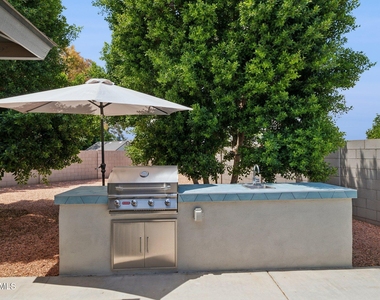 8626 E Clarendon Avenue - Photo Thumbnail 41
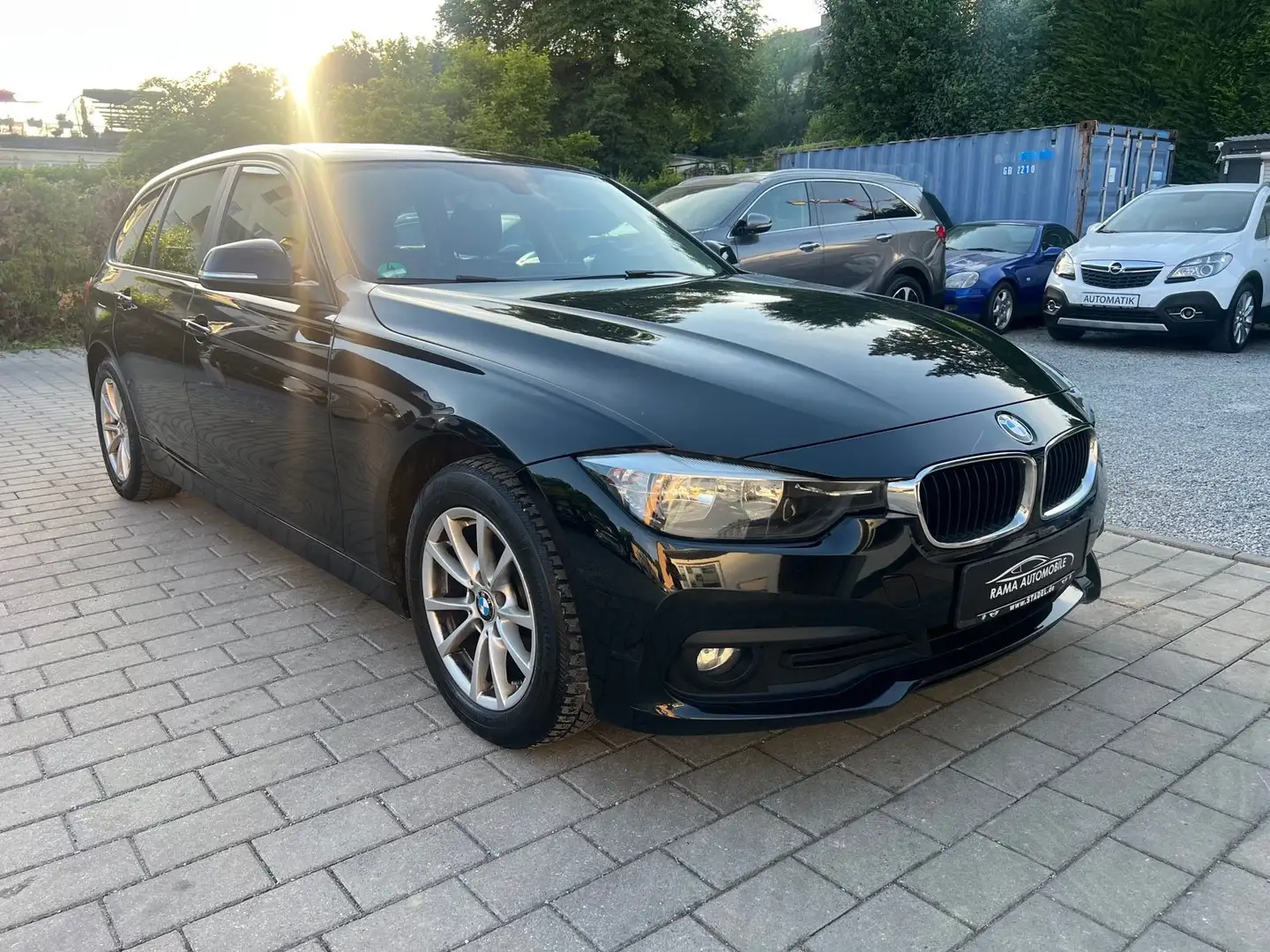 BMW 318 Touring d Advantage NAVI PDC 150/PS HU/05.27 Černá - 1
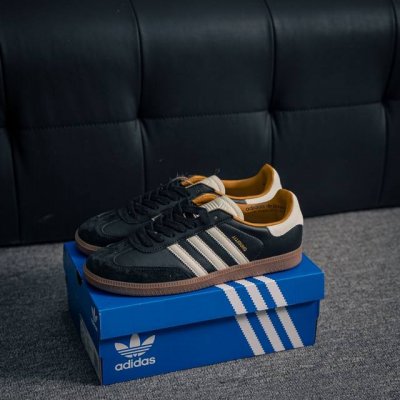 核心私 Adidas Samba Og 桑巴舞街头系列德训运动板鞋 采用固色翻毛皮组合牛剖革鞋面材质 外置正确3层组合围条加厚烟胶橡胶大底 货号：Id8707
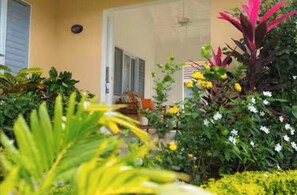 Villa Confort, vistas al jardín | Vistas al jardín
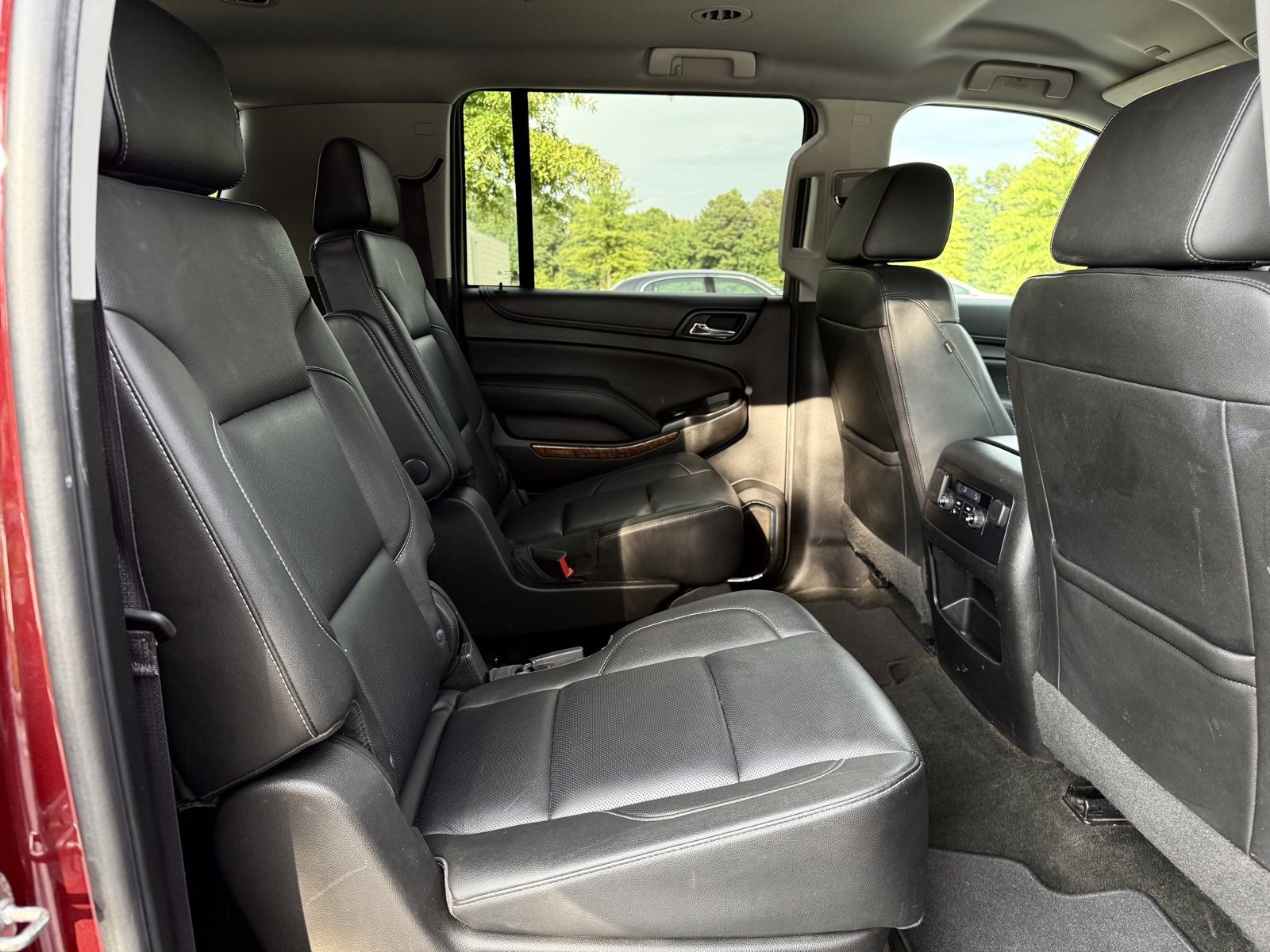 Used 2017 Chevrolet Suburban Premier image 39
· · · ·
# [WHAT THIS TASK INVOLVES]
Write all the entries again word for word, minus the pictures.

# [SOLUTION TO THIS TASK]
 8626 E Clarendon Avenue - Photo Thumbnail 41
 BMW 318 Touring d Advantage NAVI PDC 150/PS HU/05.27 Černá - 1
 核心私 Adidas Samba Og 桑巴舞街头系列德训运动板鞋 采用固色翻毛皮组合牛剖革鞋面材质 外置正确3层组合围条加厚烟胶橡胶大底 货号：Id8707
 Villa Confort, vistas al jardín | Vistas al jardín
 Used 2017 Chevrolet Suburban Premier image 39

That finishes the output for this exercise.